= Camp Sizanani =

Camp Sizanani was founded as a joint venture between Global Camps Africa, a non-profit headquartered in Reston, Virginia, and HIVSA, a South African foundation that provides care and services to HIV-affected individuals. Operating in the Magaliesburg area in North West Province, South Africa, Camp Sizanani offers multiple camp sessions throughout the year for children aged twelve through nineteen whose lives have been affected by HIV/AIDS. The term HIV-affected can imply that an individual is infected with the virus, but it can also mean that the infection of family members or guardians have impacted the individual's life. While some children at Camp Sizanani are HIV+, many more have been orphaned by a parent's AIDS-related death or have family members coping with the disease. Nearly all of Sizanani's campers come from Soweto, Johannesburg's enormous township, to which many black Africans were relegated during South Africa's apartheid era. The children attend the camp free of charge; they are sponsored by Global Camps Africa and its donors.

==Goals==
Sizanani takes its name from a Zulu word which translates idiomatically to mean "help each other". It is largely modeled on the North American summer camp tradition. Accordingly, its stated goals include fostering independence, self-esteem, cooperative skills, respect for others and awareness of HIV/AIDS and other health issues. This final goal is particularly unique to Sizanani, given the children's backgrounds and the AIDS crisis that continues to grip South Africa.

==Curriculum==
A day at Camp Sizanani would likely include any or all of the following: theatre, dancing, singing, and drumming; swimming; arts & crafts; adventure/teamwork; sports (including cricket, soccer, volleyball, netball, and basketball), yoga; nutrition; and Life Skills. Life Skills is an activity that teaches health awareness, prevention of STDs, sexuality, identifying abusive behaviors, gender bias, empowerment, drugs, crime, alcohol, and male circumcision. It is the single most important segment of the camp.

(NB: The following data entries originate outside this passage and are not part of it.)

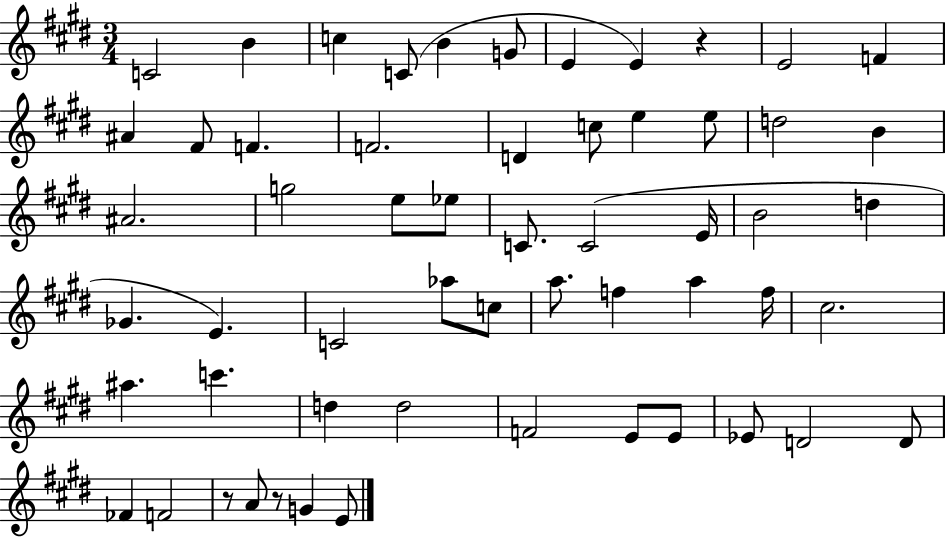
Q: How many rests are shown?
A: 3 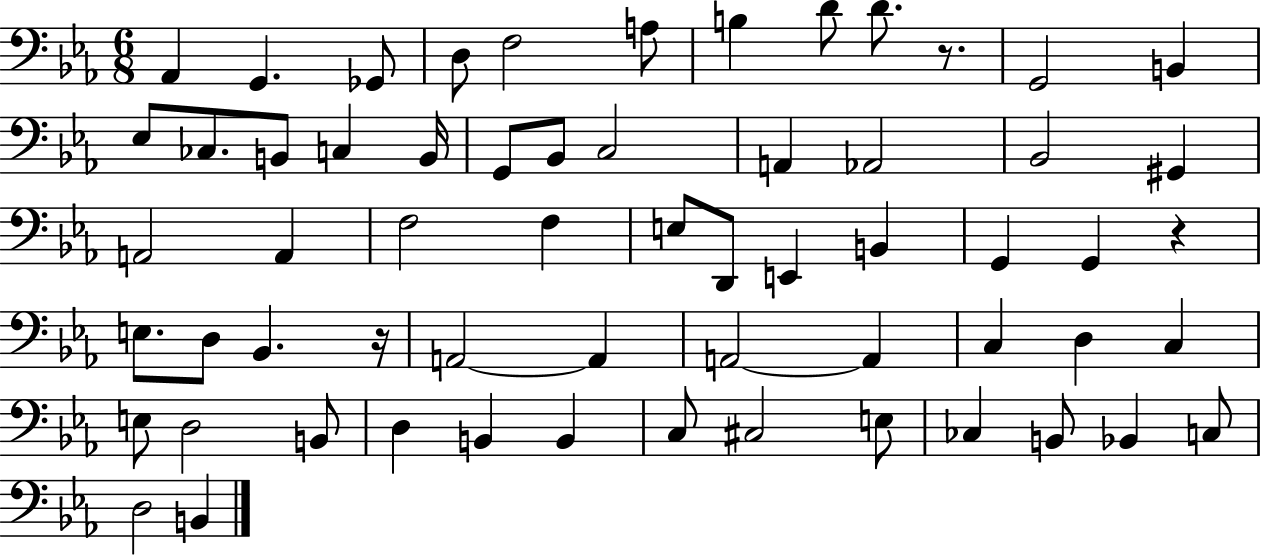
{
  \clef bass
  \numericTimeSignature
  \time 6/8
  \key ees \major
  \repeat volta 2 { aes,4 g,4. ges,8 | d8 f2 a8 | b4 d'8 d'8. r8. | g,2 b,4 | \break ees8 ces8. b,8 c4 b,16 | g,8 bes,8 c2 | a,4 aes,2 | bes,2 gis,4 | \break a,2 a,4 | f2 f4 | e8 d,8 e,4 b,4 | g,4 g,4 r4 | \break e8. d8 bes,4. r16 | a,2~~ a,4 | a,2~~ a,4 | c4 d4 c4 | \break e8 d2 b,8 | d4 b,4 b,4 | c8 cis2 e8 | ces4 b,8 bes,4 c8 | \break d2 b,4 | } \bar "|."
}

The 8-day camp (and 4-day staff training period) is followed by the availability to campers of six Youth Clubs that meet every other Saturday at various locations around the Soweto area. There the campers get further training in life skills, enjoy more fun, and bond with the former campers and counselors. They also take on leadership roles in their communities with community service projects, soccer teams, and singing, dancing, and theatre groups. The clubs, like camp, are offered at no charge to the camper. There is no deadline beyond which they may not attend, although they are permitted only a single camp experience, due to the large numbers of children and youth that are waiting to be served.

As of August 2016, some 8,000 campers had gone through the program.